Even with my dummied down post baby schedule, my kids were only getting two of the four on the list.

It took me 18 months to sort it all out (yes I'm slow, but I blame part of it on baby.. that's why we have babies right? To blame stuff on them ;) and this is what my husband and I came up with:

We are not good at living the typical American schedule so we aren't going to live the typical American schedule. Our kids don't do very well on that schedule either. When you break it down to its very basic roots, our kids don't even function very well on a public school schedule. They get up early and run out the door then come home late and cranky, facing an hour (at least) of homework, dinner, maybe reading time and then bed. We haven't even done ANY sports this year at all because we just haven't had TIME.

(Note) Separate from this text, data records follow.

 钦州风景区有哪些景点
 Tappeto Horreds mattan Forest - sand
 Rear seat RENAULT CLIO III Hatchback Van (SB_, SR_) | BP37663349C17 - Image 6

So we're throwing out public school for good. We just can't do it. And that is fine. We've had a great school to work with this year and great teachers, but for a number of reasons, it just isn't the kind of childhood we want for our kids.

My goal for my home is to live a SIMPLE LIFE. I want those four things for my kids. Church, Quality Education, Friends and time to rest and play and just discover who they want to be when they grow up. We live by 14 acres of beautiful wild forest, my kids should have time to explore it and dream and just breath. As it is now, they don't.

Along with that I've simplified the way we eat, the way we spend our money, the expectations I have for my kids in general. My kids aren't out of school yet, but I've tried to implement this theory into everything else that we do. We explained most of it to the kids on their level and things around here are feeling much less constricted. There are plenty of things I need to work on as a person and especially as a mother, but for the most part this feels good. GOOD!

I feel GOOD about what I'm doing! And it feels so GOOD to feel GOOD! Like I'm finally getting something right!

In the past I've felt selfconscious doing anything off the beaten path. That didn't ever stop me, but it didn't feel good either. Not like I feel now. Maybe it's because I'm older and I care less about what other people think and say to me. Maybe it's because my nieces and nephews are getting married and having babies all over the place and I have this real sense of just how short childhood really is. These babies won't be with me much longer. My oldest is turning 10 in a couple of weeks and that means he's a full year into the downward slide right out of our home. There are rocky years ahead for him. It's rocky as a preteen and teen in this life as it is without throwing autism on top of it all.

So that's it. I'm trying to readjust my life so that it serves my children a rich but simple childhood they can look back on and feel GOOD about. Luckily I have an amazing husband who is on the same track as I am and who works hard so I can home school these sweet kids and take them to co-ops and field trips. We have the makings for a perfect storm and I can't wait to make kites!